Here the authors of the report have decided to attempt some graphical improvisation, taking the pie chart and extending it. Over time some inspired new chart designs have been developed, but these have been rare. More often the result is inferior to using an established technique. While I do not wish to discourage innovation, the results should always be tested before being foisted on an unsuspecting audience.
The aim of this pair of charts is to illustrate the dwindling supply of “safe assets” in the form of highly rated sovereign debt as a result of the global financial crisis. For example, at the end of 2007, 68% of advanced economies boasted a AAA Standard & Poor’s credit rating (left hand chart, outer red arc) but by January 2012 this proportion had fallen to 52% (left hand chart, inner red sector).

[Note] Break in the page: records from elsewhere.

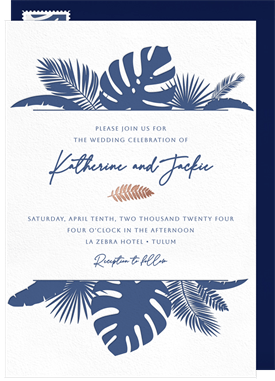 'Modern Beach Botanicals' Wedding Invitation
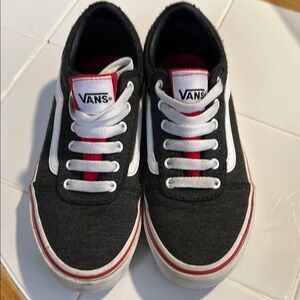Vans Kids Grey, Red & White Sneakers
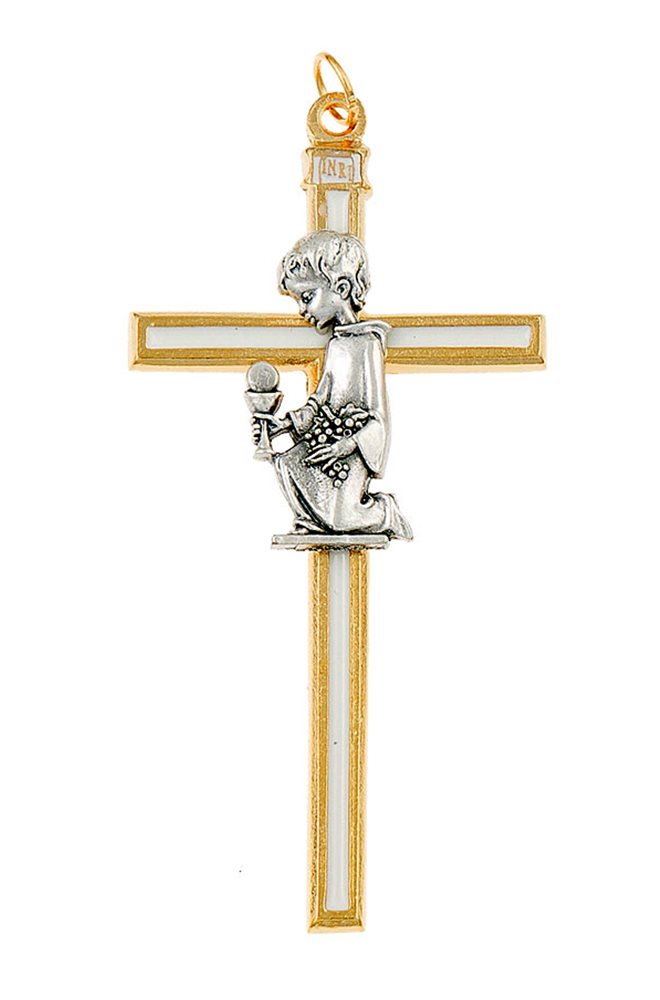 Gilt & White Enamel Metal Cross, Pwtr Boy, 3½"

The heart of each chart is a conventional pie chart showing the current distribution of country ratings. Taken in isolation, either one of these would be a reasonable chart. But moving beyond a single pie chart, comparing the Advanced Economies chart to the Emerging Markets chart is not so easy. Edward Tufte’s adage from The Visual Display of Quantitative Information comes to mind: “the only worse design than a pie chart is several of them”. The crime against charting here is made particularly egregious with the choice of a colour scheme for ratings that is not consistent across the two charts!
If that wasn’t bad enough, the design comes right off the rails with the outer charts. These are a form of annular pie chart, but the alignment of each segment is shifted in an attempt to make the pre-crisis figure more readily comparable to the post-crisis figure for each rating. The result is highly confusing: it takes a while to work out exactly what is going on. Messing with the alignment of the outer chart also makes it harder to compare one rating to another. Even the decision to position the 2012 data in the middle and the 2007 data on the outside is a mistake. My eye expects a flow from the centre of the circle outwards rather than from outside in. An informal, if statistically insignificant, survey suggests that I am not the only one with this expectation.
The aim of any data visualisation is to provide easy access to the information. Understanding the IMF report’s chart is just too much work. A simple table of figures would have been easier to understand. But there are also more conventional charts that would do a better job. The chart below is an example of the “small multiples” technique. This involves a grid of similar charts which are readily compared as certain parameters are varied. In this case, scanning the charts horizontally reveals changes through time and vertically the differences between advanced economies and emerging markets.
Some space could have been saved by restricting the vertical axis to a 0% to 70% range, but with the full 0% to 100% range the proportions for each rating are more readily grasped.
The small multiples chart is a vast improvement on the IMF original, and is a good illustration of the fact that choosing the right chart makes it far easier to visualise the patterns in your data.